Cartas
Existe un colectivo de 79 personas entre ex trabajadores, viudas e hijos de antiguos empleados ya fallecidos de la fábrica que formaron parte de la plantilla de 126 operarios de la nuclear, como era conocida esta escombrera que permanece enterrada a las afueras de Andujar, que reclaman una indemnización por la enfermedad que muchos padecen. Fue la primera fábrica de ese tipo que se puso en marcha en España -trataba mineral de uranio para la obtención de concentrado de óxido de uranio con una pureza del 80% al 90% que, posteriormente, se transportaba en bidones a Francia o Estados Unidos para su utilización en los reactores de las centrales nucleares- y eso jugó en su contra. Está claro que aquello fue una experiencia y a nosotros, los andaluces, nos utilizaron como conejillos de indias.

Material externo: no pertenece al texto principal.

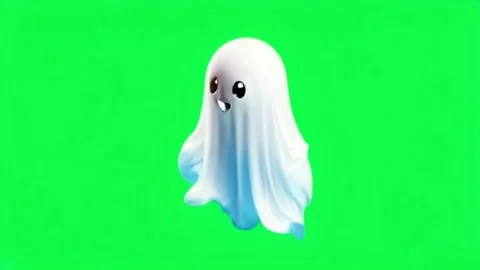 Animation ghost cute tiny isolate on green screen. Stock Footage 282994704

Los trabajadores apenas tenían un mono de trabajo y unos guantes de goma, el polvo amarillo se metía entre los ojos, la boca y la nariz. Ni siquiera había un comedor en la fábrica, y los trabajadores tenían que comerse el bocadillo rodeado de cualquier elemento contaminante. En los primeros años, no se disponía de lavadoras, por lo que los trabajadores se lavaban la ropa de la fábrica en sus casas arrastrando materiales contaminantes. Según unos análisis de orina del año 1964, los empleados tenían en torno a 116 microgramos de uranio por litro, cuando el límite de seguridad estaba en 0,8 microgramos.

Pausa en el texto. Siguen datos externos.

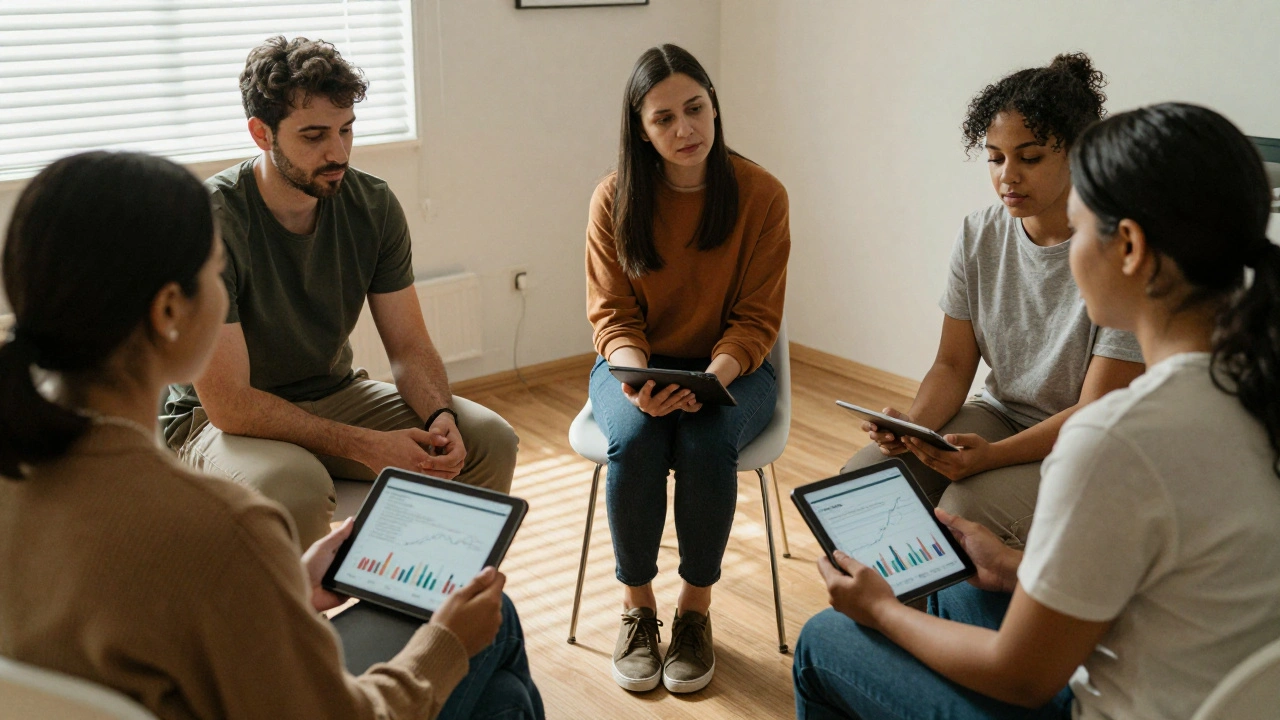 Three adults in a therapy session, calmly reviewing their gaming usage data on tablets with a counselor.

Una vez cerrada la fábrica, se enterró todo, desde las mesas y las sillas que ellos utilizaban hasta los árboles de los alrededores. Ahora, el Gobierno no ha tenido en cuenta el informe de la Junta de Andalucía en el que se vincula la enfermedad de los trabajadores con su exposición al uranio. Al final, se vuelve a comprobar el peso político que tienen nuestros gobernantes andaluces. No sé a qué espera este pueblo a despertar.